O anúncio foi feito esta quarta-feira, 10 de Junho, pela chefe de Cooperação da Embaixada de Portugal em Moçambique, Helena Guerreiro, durante o painel “Apresentação de Oportunidades de Investimento no Sector Digital” do Mozambique-EU Business Forum 2026.
Na ocasião, a responsável explicou que o fundo é dirigido exclusivamente ao sector privado moçambicano, abrangendo igualmente associações de produtores e cooperativas.
“O FECOP é um instrumento de cooperação financeira que neste momento tem um orçamento de cerca de 17 milhões de euros, exclusivamente direccionado para micro, pequenas e médias empresas, associações de produtores e cooperativas”, afirmou.
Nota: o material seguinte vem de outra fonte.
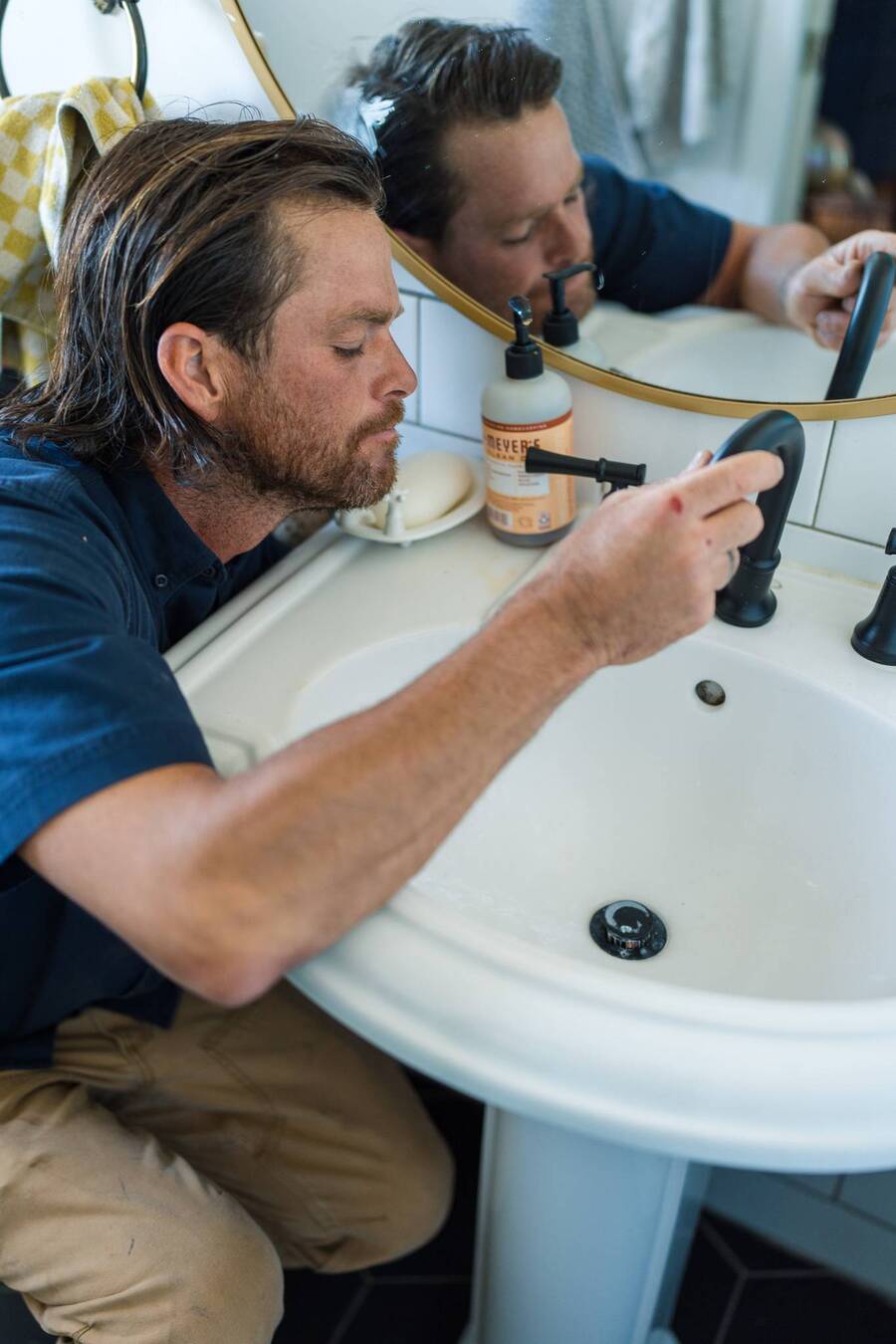 Faucet Replacement in Sacramento, CA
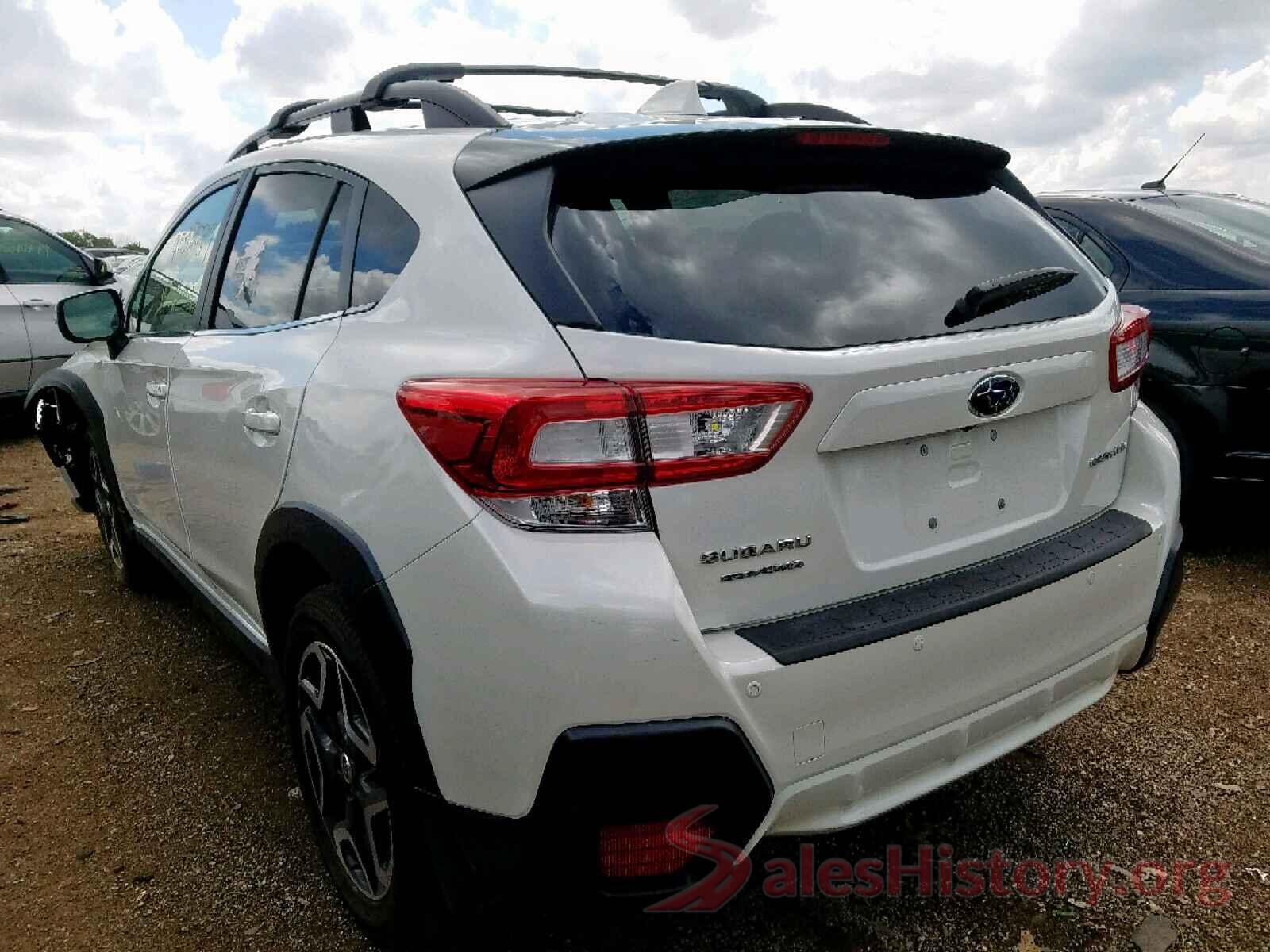 JF2GTALC6JH303662 2018 SUBARU CROSSTREK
Criado em 2014, o FECOP foi recentemente revisto depois de uma avaliação ter identificado obstáculos à sua implementação. Segundo Helena Guerreiro, o mecanismo passou por melhorias para facilitar o desembolso dos fundos e aumentar a adesão das empresas moçambicanas.
A primeira linha de apoio destina-se a empresas, associações e cooperativas e financia projectos de investimento, podendo garantir até 90% do crédito concedido, com um limite máximo equivalente a cerca de 345 400 euros, exigindo uma participação mínima de capitais próprios de 20%.
Uma segunda linha é direccionada às empresas localizadas em zonas afectadas por calamidades naturais, permitindo financiar investimentos e necessidades de tesouraria, com garantias até 85% e um limite próximo de 88 000 euros.
Já a terceira linha destina-se às instituições de microfinanças, reforçando as suas carteiras de crédito para permitir que mais empresas tenham acesso indirecto ao financiamento, podendo beneficiar de garantias até 90% e um limite de aproximadamente 67 700 euros.
O fundo inclui ainda uma componente de subvenções para micro e pequenas empresas, sobretudo iniciativas ligadas a jovens e projectos considerados prioritários, prevendo apoios directos até cerca de 60 900 euros para reforço da competitividade empresarial.
“Nas subvenções, as candidaturas são muito simplificadas para tentarmos, de facto, que a adesão seja aquela que nós esperamos”, sublinhou Helena Guerreiro, acrescentando que os instrumentos incluem taxas de juro bonificadas para tornar o crédito mais acessível.